Really interesting report. I love seeing all the various odd remains and the history behind it. Nice one, Claire.


----------



## woody65 (Feb 27, 2011)

dobbo79 said:


> Ahhhhhhhhhhhhhh thankyou woody - i was actually thinking maybe these were from PV and was actually looking at old "playarama" pics (the old playground that used to be on the clifftop at PV) - Least that has shed some light on it...now we know - the banking does seem to have been removed as Picture 15 (the entrance to the subway) was takien from Platform 4 (zoomed in of course)..i do remember the PV road train being stored in the tunnel (a family friend used to drive it) but back in those days i did not realise that the tunnel went all the way through..sadly now the portal at the other end is underground and built under a nice, grassy bank...

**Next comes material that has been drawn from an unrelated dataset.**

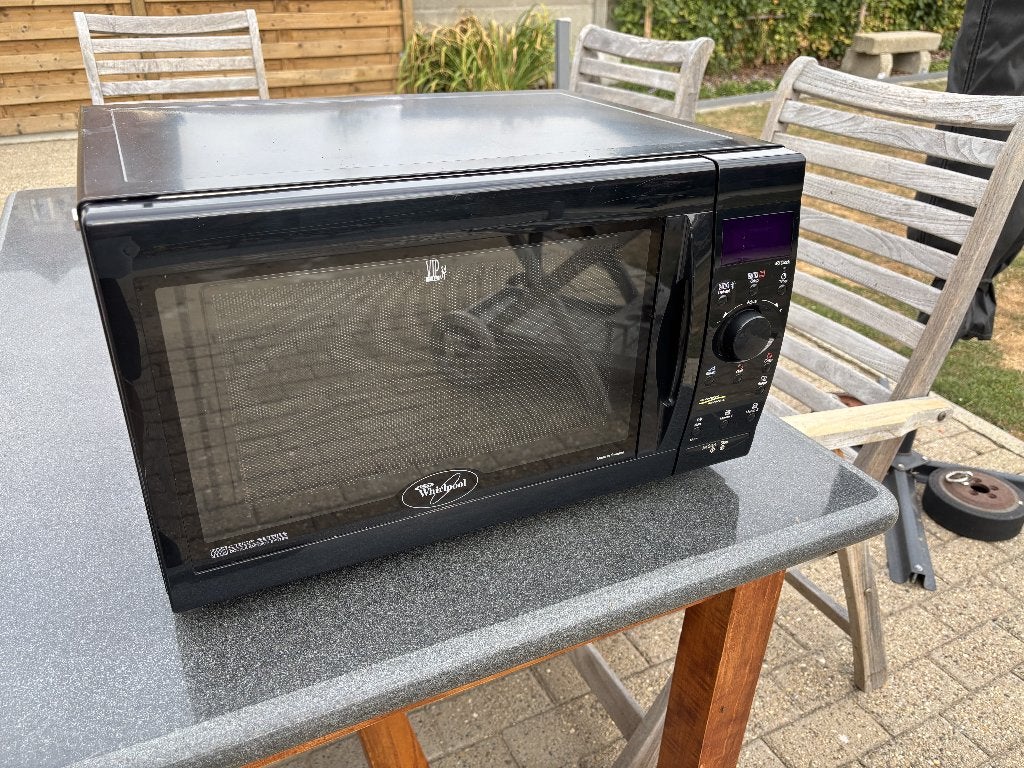 four à micro-ondes Whirlpool VIP 34, Electroménager, Micro-ondes, Croustillant, Enlèvement, Utilisé, 45 à 60 cm
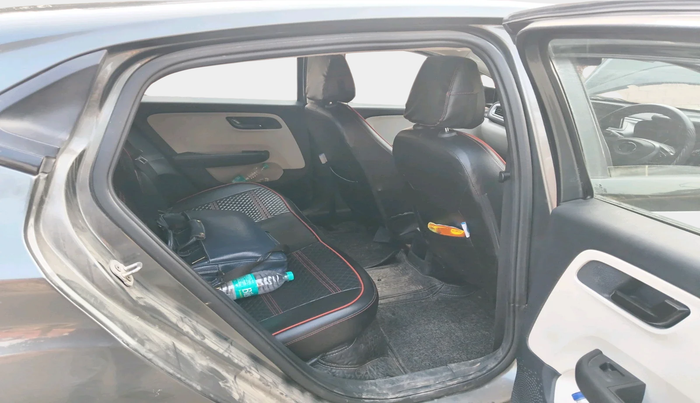 2024 Tata ALTROZ XM PLUS PETROL, Petrol, Manual, 41,983 km, interior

i remember the old playground on the front with the trampolines, you used to have to go through a old turnstile to get in? place was a death trap, always blood everywhere 

the swimming pool used to have a glass fiber roof or was it asbestos? and was in the corner of PV. i seemed to remember on the butlins side had gates. last year the tunnel portal had opened up, they had a fence around the hole?


----------



## dobbo79 (Feb 27, 2011)

haha woody very true about the blood...was a kids haven wasnt it..i remember the trampolines as i hurt my foot on one..
When we were down there yesterday it seems that PV are extending yet again..this time to the right of the tourers entrance..and this if you look is the area of the old butlins boating lake. The outline can clearly be seen on google earth/google maps....seems all traces of Butlins are slowly been eaten by Primrose Valley... Its funny that the only part of Butlins left is the part that people know least about...and this is slowly being eaten by mother nature...


----------



## Zotez (Feb 27, 2011)

What a strange site, its amazing that somewhere that was once full of activity has ended up like this.


----------



## terrier (Mar 1, 2011)

Keep meaning to stop at this place everytime im in the area, the whole Filey Butlins thing really fascinates me.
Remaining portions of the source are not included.